[Web page caption snippets]
──────────
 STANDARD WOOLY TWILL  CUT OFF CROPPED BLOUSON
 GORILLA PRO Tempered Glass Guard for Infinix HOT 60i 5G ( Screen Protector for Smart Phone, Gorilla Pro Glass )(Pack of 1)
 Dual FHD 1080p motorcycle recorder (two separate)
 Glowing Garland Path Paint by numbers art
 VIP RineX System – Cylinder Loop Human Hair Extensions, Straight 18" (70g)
──────────
* [Exercise instructions] Each entry shown above must be retyped word for word.

* [Problem solution]
 STANDARD WOOLY TWILL  CUT OFF CROPPED BLOUSON
 GORILLA PRO Tempered Glass Guard for Infinix HOT 60i 5G ( Screen Protector for Smart Phone, Gorilla Pro Glass )(Pack of 1)
 Dual FHD 1080p motorcycle recorder (two separate)
 Glowing Garland Path Paint by numbers art
 VIP RineX System – Cylinder Loop Human Hair Extensions, Straight 18" (70g)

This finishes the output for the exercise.